The energy sector in the post-Covid-19 world
Here in the UK, wherever you live, it’s not possible to have failed to have noticed how things have changed over the past few weeks with the government-dictated lock-down. We’ve certainly known about Covid-19 for quite a bit longer than that, however, not many of can have foreseen the country-wide restrictions on movement we’re experiencing at the moment. To slow the spread of the disease (which is a very different thing to ‘stopping’ or ‘beating’ it), we’re now being asked to travel as little as possible – both for work and leisure. The devastating effect this disease has had on some families and communities around the world is heart-breaking, and at the time of writing, it’s not looking like this pandemic is going to simply ‘go away’ any time soon, however, another of the modern ‘silent killers’ has, at the same time, become much less of a problem. I’m talking about air pollution!

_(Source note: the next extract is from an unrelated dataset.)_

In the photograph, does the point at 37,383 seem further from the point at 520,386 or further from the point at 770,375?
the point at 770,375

Looking at the worldwide figures on air pollution, which are backed up with satellite images and government statistics, the reduction of air pollution has been staggering! Skies are clear of vapour trails now most commercial airlines aren’t flying, many roads are quiet, and a lot of factories are now silent. For anyone suffering from any kind of respiratory illness, this ‘silver lining’ to the current pandemic is at-least some good news! For the rest of us, we can see nature returning to cities and the skies are clearer again. However, will this change last? Or will everything go back to how it was at some point in the future? My best guess is that what we’ve experienced is a real and long-term change.

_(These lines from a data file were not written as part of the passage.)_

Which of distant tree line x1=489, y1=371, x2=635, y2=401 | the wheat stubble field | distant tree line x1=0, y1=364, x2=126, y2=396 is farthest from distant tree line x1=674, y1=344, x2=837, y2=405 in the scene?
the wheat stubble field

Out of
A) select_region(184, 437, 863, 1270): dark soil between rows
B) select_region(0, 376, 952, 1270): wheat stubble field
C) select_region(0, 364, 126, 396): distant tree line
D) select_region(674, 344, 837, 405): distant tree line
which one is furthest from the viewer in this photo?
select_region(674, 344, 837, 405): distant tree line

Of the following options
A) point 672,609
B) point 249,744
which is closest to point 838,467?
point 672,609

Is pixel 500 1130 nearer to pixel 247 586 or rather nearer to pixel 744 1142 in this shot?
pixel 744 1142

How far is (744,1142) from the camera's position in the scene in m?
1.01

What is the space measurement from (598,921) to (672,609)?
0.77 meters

Many of us have had the experience of working from home – of the extra time we have in the day as we’re not commuting and the better standard of life we will have a result of that. We’re not eating out as much and we’re certainly not using our cars like we used to. Besides all the time and money we’re saving, we’re also reducing waste as the cups and packaging we would normally have been responsible for has also reduced massively.
What many people won’t have seen, however, is the price of fuel at the pumps has dropped dramatically too. A big important impact of the Coronavirus outbreak has been on the downstream oil industry meaning that that the price of crude oil has fallen significantly in a short time.
This has and, certainly for the foreseeable future, will continue to have an effect on oil producers. Billions has been lost from the stock prices of major oil and gas companies as demand has dropped. Production has also been affected in other ways as oil workers travel has been restricted, and infections from Coronavirus have been found on some oil rigs. Up until recently, and in recent years, many oil & gas companies have been looking towards more non-traditional methods areas of oil production such as deep-water offshore exploration. What is likely to happen to this new exploration it the future now? On the one hand, these unconventional resources are said to contain at least as much as the total conventional oil reserves extracted since the beginning of the oil industry, so the potential profits are there, if they can find someone to buy it of course. However, on the other hand, developing these new, large-scale sites comes with significant cost associated with R&D and the new technology required for extraction and a big investment in oil exploration safety. What happens if demand for oil never goes back to pre-Coronavirus levels? If, for example, many workers simply find they prefer working from home and continue to do this even when they have the choice to commute? This, in conjunction with things like the ongoing development of alternative forms of transport and the large-scale changes to government policies on things such as home heating may mean this is indeed the beginning of the end for the traditional oil industry as we knew it.